Bill Knight | Minor League Baseball: Pays less than minimum wage

BILL KNIGHT

BILL KNIGHT

When the Peoria Chiefs take the field for 16 home games this month, know that they’re working for peanuts (sans Crackerjacks). One of 16 teams in the Class-A Midwest League, the team is one of 244 clubs in 19 minor leagues, where more than 7,000 ballplayers play professionally, dream of the big leagues and barely get by.
Some no doubt love it so much they think they’d pay for the privilege to play — like other exceptional amateurs in athletics or the arts. Some may feel a calling to the game, a vocational devotion that requires sacrifices, like the clergy or teaching.

However, some minor-leaguers realize that playing is working, too. They have bills, some have families, and for the amount of hours they work, they’re paid less than the minimum wage — violating the federal Fair Labor Standards Act (FLSA).

At least, it was a violation, arguably, until this spring, when Congress passed and President Trump signed the $1.3 trillion omnibus spending bill. There, starting on page 1,967 of the 2,232-page measure, is a “rider” that ensures thousands of ballplayers will be underpaid.

The provision slipped into the law amends the FLSA by making baseball players “seasonal workers” not subject to overtime laws, to be paid minimum wage based on 40-hour work weeks “irrespective of the number of hours the employee devotes to baseball related activities.”

Maury Brown, who covers the business of sports for Forbes magazine, writes, “Minor League Baseball players are about to become second-class citizens. This rider has the flagrantly inappropriate title of ‘Save America’s Pastime Act.’”

The National Pastime changed over the decades, and though today’s minor leagues try to tap nostalgia for times past, 21st century minor-league baseball is a funhouse-mirror image of its heydays, when there were many more players, leagues, fans and stakes.

After World War II, with the spread of television, baseball’s minor leagues became more of a developmental subsidiary of MLB than local efforts to win games and pennants. So teams like the Chiefs are marketed as inexpensive family entertainment with a chance to see some future major leaguers. The minors are modestly successful, attracting about 41 million fans last summer.
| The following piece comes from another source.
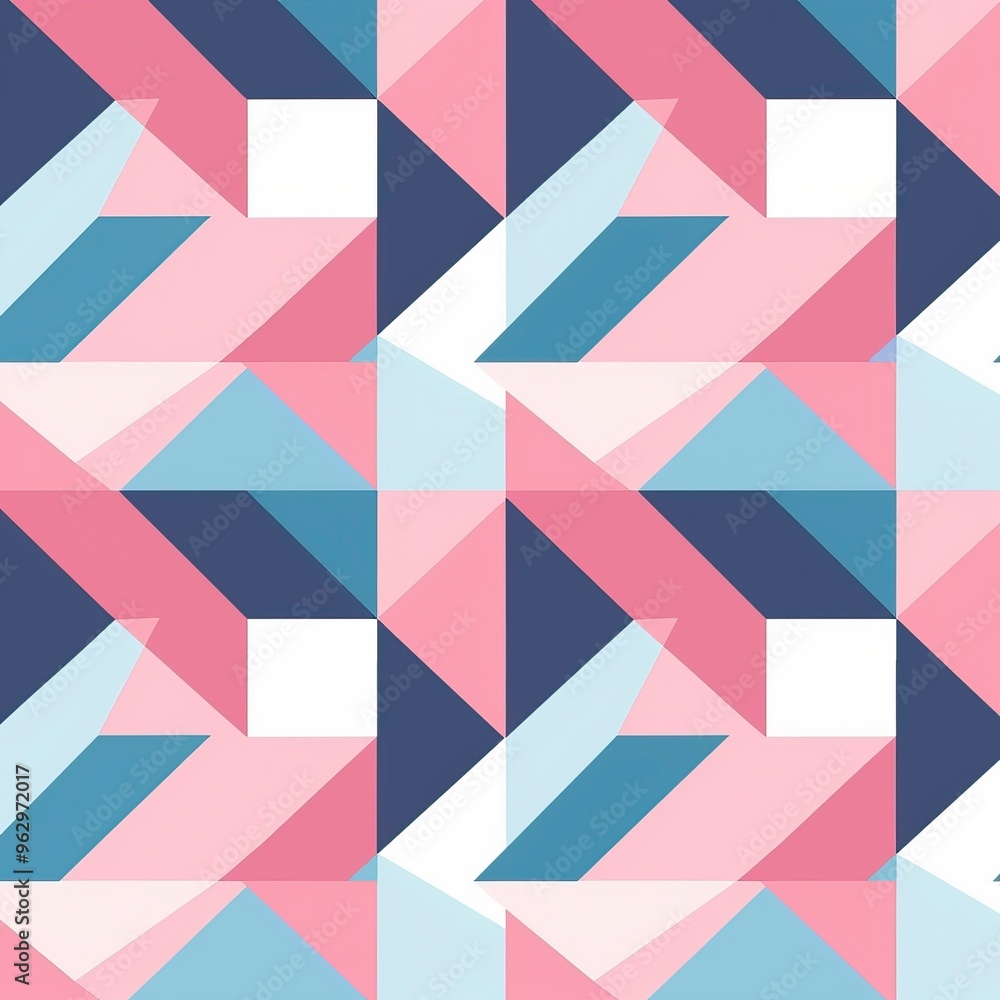 Fototapeta premium Pink and blue geometric pattern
However, they aren’t really thousands of guys showcasing their talents to get called up to the Bigs but actually a couple hundred men competing to play for major-league opportunities, with thousands of teammates providing pitches and batted balls, competition and a familiar environment.

“Minor-league baseball players have little to no economic value on their own,” writes Joe Sheehan of The Athletic. “It sounds demeaning [but] minor-league players have no individual leverage, because the games in which they play aren’t meaningful.”
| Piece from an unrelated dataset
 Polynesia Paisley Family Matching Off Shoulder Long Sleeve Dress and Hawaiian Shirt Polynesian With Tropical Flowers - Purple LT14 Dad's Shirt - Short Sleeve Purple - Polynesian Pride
Sheehan says minor leaguers aren’t like interns as much as human fixtures that contribute to pro-baseball’s experience. Or illusion.
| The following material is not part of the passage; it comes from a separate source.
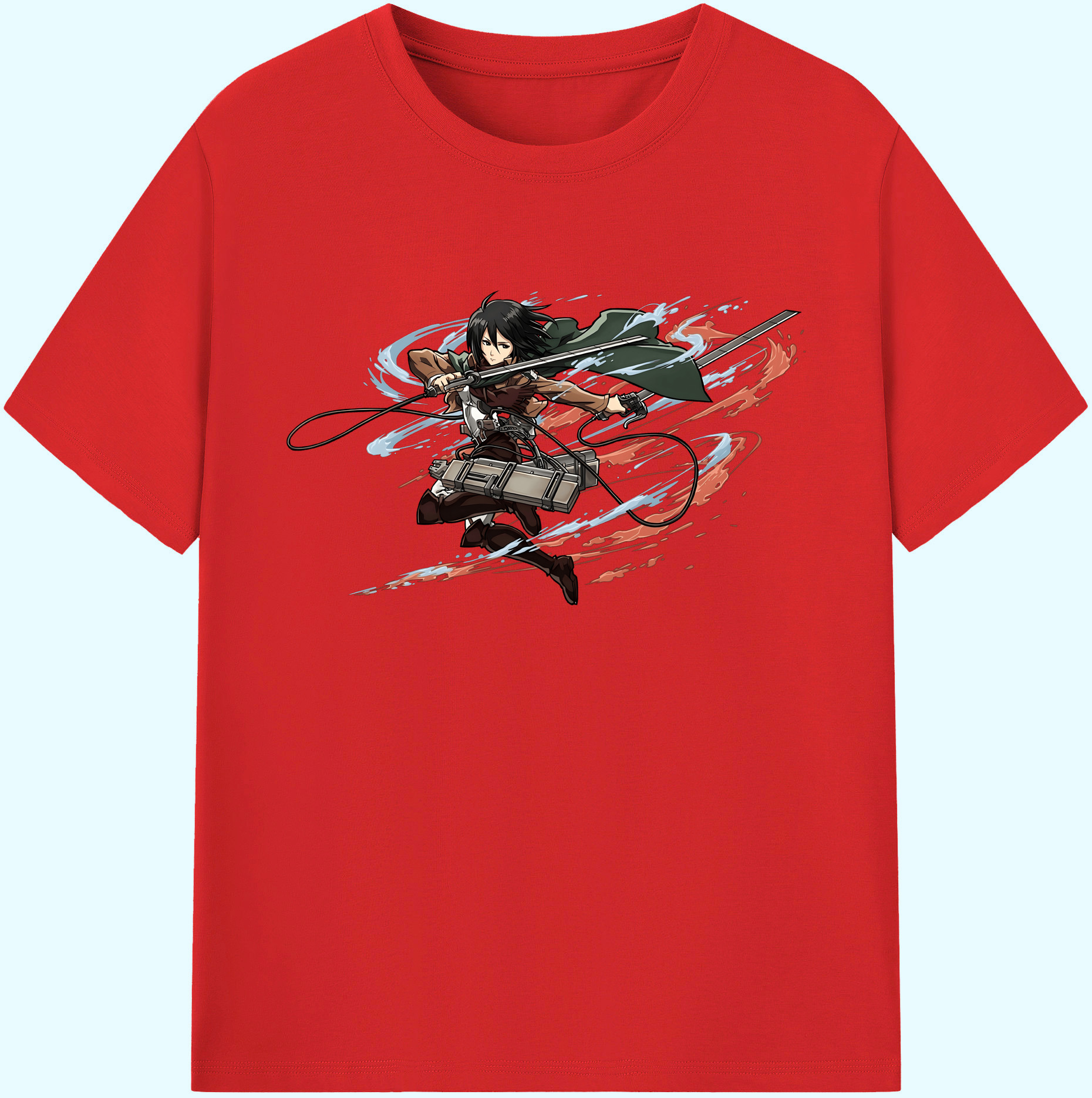 （画像用） 進撃の巨人 ミカサ·アッカーマン Attack on Titan Mikasa Ackerman 綿100％ メンズ半袖Tシャツ｜肌触りやわらか＆通気性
“Most of them aren’t apprentices, but rather extras that provide a context for the actual apprentices,” Sheehan said. “Most minor-league baseball players have jobs because the actual prospects need a context in which to do their jobs, the way professional actors need unpaid extras walking on the street behind them to give a scene verisimilitude.”

Maybe that comparison could lead to a compromise. The motion picture industry’s “background players” — the extras that lend credence to scenes — can earn pay and eventually progress. The union representing actors — the Screen Actors Guild/American Federation of Television and Radio Artists — has contract language requiring companies to employ a minimum number of paid extras, and after extras work on so many projects, they’re eligible to join SAG-AFTRA.

After all, the successful and relatively powerful Major League Baseball Players Association may support minor-league players’ attempts to improve their compensation, but it cannot directly help. They’re legally obligated to represent major league ballplayers. And organizing a minor-league union is difficult, says St. Louis attorney and former Giants minor leaguer Garrett Broshuis, who’d filed a class-action lawsuit against Major League Baseball over the issue.

“Guys are afraid to unionize,” Broshuis said. “Long-term, I think it would be a great solution. The short-term part is these guys are chasing a dream and they are afraid to stick their necks out.”

For now, Major League Baseball’s owners — who set the pay for minor leaguers — pay a maximum of $11,000 to a minor leaguer for almost six months of work, mostly six or seven days a week, not including Spring Training, pre- and post-game workouts, travel, etc. – about $65 a day.

MLB owners can afford to pay better, but no one should expect them to, Sheehan said.

“This is a group of people that thinks nothing of lying relentlessly so as to gain access to the public purse,” he said. “To expect them to spend money they’re under no legal or competitive obligation to spend is a fool’s errand. They’ve literally spent millions to help exempt themselves from labor laws rather than spend those millions on solving the problem.”